Why I'm Standing for Cambridge: Labour's Cruel Cuts in the Wrong Places

I'm honoured to have been re-selected to stand as your Liberal Democrat candidate for Cambridge at the next General Election. I moved to Cambridge as an undergraduate at Murray Edwards in 2009, fell in love with the city, and never really found a good reason to leave. What started as student life became a teaching career - I'm now Assistant Principal at one of the most deprived schools in the county.

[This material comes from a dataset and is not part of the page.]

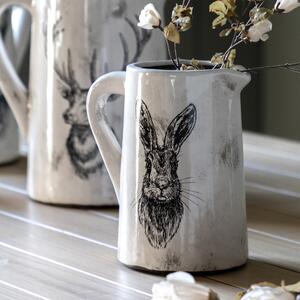 Hare Distressed Pitcher Vase White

Every day in school, I see both the incredible potential of our young people and the huge barriers they face: underfunded services, struggling families, exhausted teachers, and a system that just isn't fair. That lived experience shapes everything I do in politics. Over the past seven years as a City Councillor here in Cambridge, I've learned that the best politics happens when you really listen to what people need. I'm putting myself forward now to be the next MP for Cambridge because Labour are simply not doing that. Instead, we are seeing a consistent pattern of Labour making cruel cuts in the wrong places while protecting their own interests.
Neglect for the most vulnerable in Cambridge
This week has provided a perfect illustration of Labour's misplaced priorities right here in Cambridge. Just days after appointing a new City Council leader, the Labour administration have forced through a 55% pay rise for this one individual, against the recommendations of the Independent Renumeration Panel’s Report which they commissioned. While our Labour-controlled city council has been forcing through pay rises for their new leader, they've simultaneously been exposed for a shocking "scandal of neglect" that affects thousands of our most vulnerable residents.

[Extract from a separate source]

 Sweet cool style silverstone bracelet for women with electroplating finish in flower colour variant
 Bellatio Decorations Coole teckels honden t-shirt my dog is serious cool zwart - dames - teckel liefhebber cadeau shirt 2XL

Let me be clear about what's happened: Cambridge City Council has admitted that around half of the city's 7,600 council homes - that's approximately 3,300 properties - have no up-to-date safety surveys. This isn't just administrative oversight; it's a fundamental failure of Labour's duty as a landlord to some of our community's most vulnerable residents.
The Human Cost of Labour's Failures
The council's own report admits this failure occurred because the work was "not consistently prioritised." Think about what that means for families living in these homes. While Labour councillors couldn't find the time or resources to check whether their tenants were living in safe conditions, they somehow found the capacity to organise a 55% pay increase for their new leader.
The financial cost is staggering too. This neglect will now cost up to £1 million - money that should have been spent on essential repairs and maintenance for council tenants. As Liberal Democrat Housing spokesperson Cllr Anthony Martinelli rightly said, this is effectively a "£1 million neglect tax" on social housing budgets.
A Pattern of Wrong Priorities
This isn't an isolated incident. It reflects a broader pattern we see from Labour both locally and nationally - cutting support for those who need it most while protecting their own positions and pay packets.
Look at Labour's record since taking power nationally. They have refused to scrap the two child benefit cap, which in real terms impacted roughly 20,000 children in Universal Credit households across Cambridgeshire. They have also announced cuts to disability benefits, removing essential support from some of the most vulnerable. Yet somehow, there's always money available for ministerial pay rises and expanding the machinery of government.
Liberal Democrats Offer a Better Way
The Liberal Democrats have consistently challenged this complacency both locally and nationally. We've been the voice calling out Labour's failures on council housing maintenance, highlighting cases of damp and mould, and demanding better standards for tenants. We've also stood firmly against Labour's cuts to winter fuel payments and disability benefits - recognizing that these aren't just statistics, but real support that real families depend on.
We understand that good housing is a fundamental right, not a luxury. We believe that keeping elderly people warm in winter and supporting disabled people to live independently aren't optional extras to be cut when convenient. We believe in putting people before politics, ensuring that essential services are properly funded and maintained, and holding those in power accountable when they fail in their duties.
Standing Up for Cambridge
That's why I'm standing to be your MP. Cambridge deserves better than a Labour Party that talks about caring for working people while neglecting their basic housing needs and cutting support for pensioners and disabled people. We deserve representatives who will prioritise the safety and wellbeing of council tenants over the comfort of council leaders, who will defend winter fuel payments for elderly people, and who will protect disability benefits rather than see them as easy targets for cuts.
We need MPs who will challenge this pattern of cruel cuts in the wrong places - whether it's here in Cambridge, where council house safety surveys are neglected while leadership pay goes up, or in Westminster, where vital support for the most vulnerable is slashed while government grows ever more expensive.
The choice facing Cambridge is clear: more of the same failed priorities from Labour, or a Liberal Democrat alternative that puts people first. I'm standing because I believe our community deserves that better choice.